Since the city’s founding in 1630, Boston has tended to have a healthy self-regard for itself. The first governor of the Massachusetts Bay Colony, the Puritan leader John Winthrop, quoted scripture from the book of Matthew: “You are the light of the world. A city on a hill cannot be hidden.” Boston, of course, played a seminal role in the Revolutionary War, and a half-century later the city had acquired the moniker the “Athens of America” for its high-brow culture. In the decades leading to the Civil War, Boston was a hotbed of abolitionists. And long after it became clear that New York was the nation’s dominant city, Boston continued the facetious conceit, coined by Oliver Wendell Holmes, that Boston was the “Hub of the Universe.” Yet by the 1920s, the city was somewhat of a backwater, and it wasn’t until several decades later that Boston and Cambridge began to benefit from the very bright men and women who were educated at MIT, Harvard and other area colleges and universities.
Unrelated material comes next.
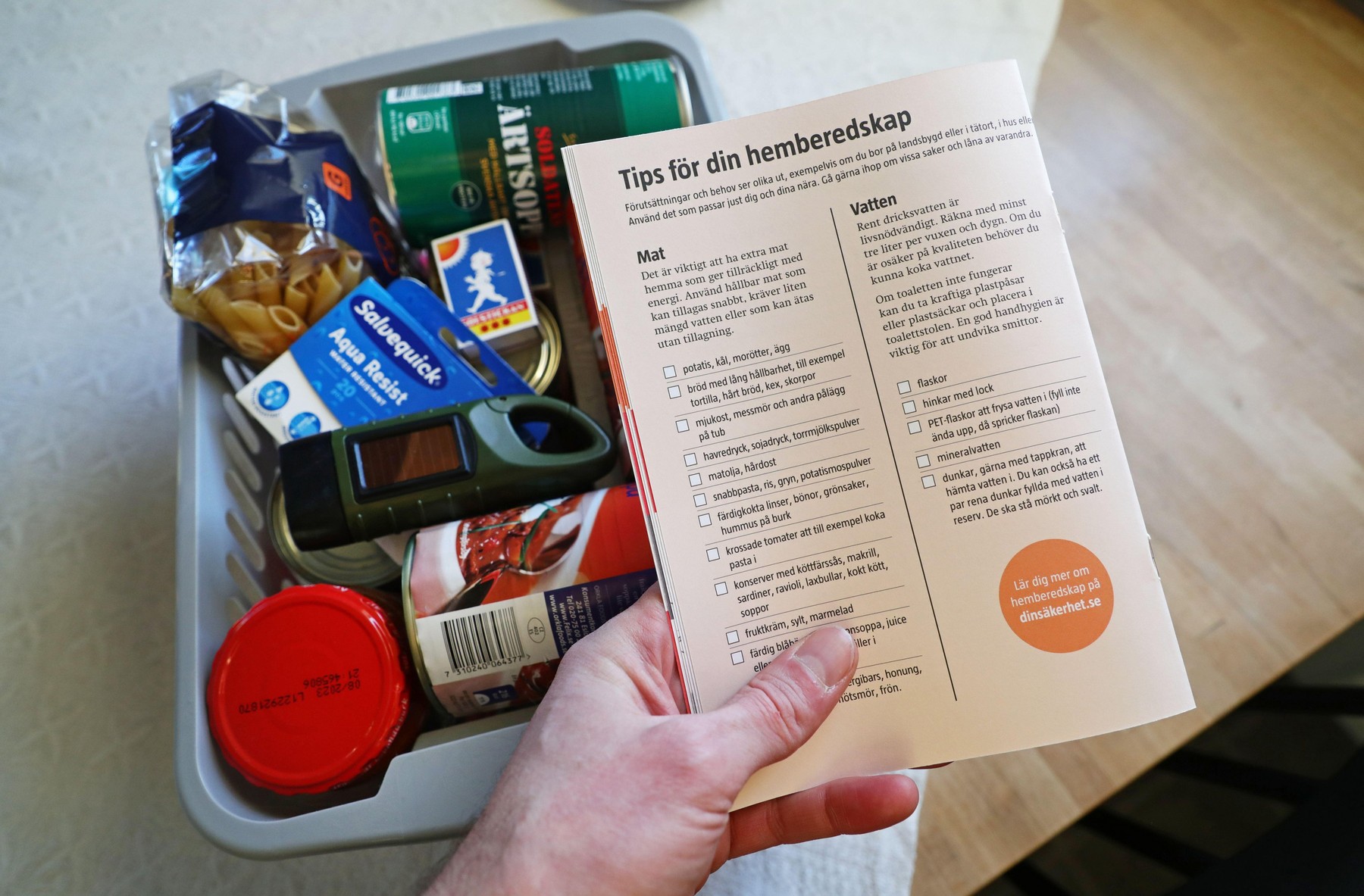 "If the war comes" information and and a box of food and other necessities in a home that might be needed in a crisis or war. Information on tips for your home equipment."If the war comes" (Swedish: Om kriget kommer) is a pamphlet originally prepared by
These days, the Boston area is a mecca for medical research and drug development, including neurological diseases, Alzheimer’s among them. Boston Globe reporter Robert Weisman, who specializes in health care and biotechnology, noted that Boston recently hosted more than 10,000 scientists and doctors in a convention devoted to neurological disorders. One is Cambridge-based Biogen, among the oldest and largest biotech companies.
At the other end of the spectrum, the startup Alzheon, based in Framingham, about twenty miles west of Boston, this week announced a breakthrough. Its press release declared, “Alzheon Scientists Discover Novel Therapeutic Mechanism of Inhibition of Formation of Toxic Beta Amyloid Oligomers, Key Driver of Alzheimer’s Disease Pathogenesis.” If you have little idea what oligomers are, join the club. The gist of the press release is that Alzheon researchers believe they have a fresh slant to combat amyloid plaque, one of the two major components of Alzheimer’s. (The other is tau, which manifests itself as tangles.)
Weisman, the Globe reporter, quoted Paul Bolno, who previously worked for GlaxoSmithKlein. “The biotechs are moving the science forward.…There was a mass exodus of pharma companies like ours. The large companies are now on the sidelines trying to get back in.” Is it likely that Alzeon will receive significant backing? I would assume so. The closest we’ve come to something resembling a breakthrough was this past October, when clinical trials suggested, that Ely Lilly’s drug candidate was capable of slowing down the pace of Alzheimer’s. There was no expectation that Ely Lilly could stop Alzheimer’s in its tracks, but slowing down the disease would have been a singular accomplishment in itself.
Should my cohorts and I accept the likelihood that our generation of people with early-onset Alzheimer’s will not be saved by some wonder drug? The odds of any of us who already are manifesting symptoms of the disease are not particularly encouraging, but we live in an era in which researchers are much more informed about the powers of the brain, and just being persistently optimistic may be a decent stratagem to maximize one’s years of cogency. I’ve never read Norman Vincent Peale, the author of The Power of Positive Thinking, but I often think of my dad, a relentlessly resilient soul, who, despite setbacks in his dual careers of commercial fisherman and schoolteacher, never seemed to get him down for long—not even on his death bed. His last, wan quip, just a day or so before he died: Not good news when the priest shows up!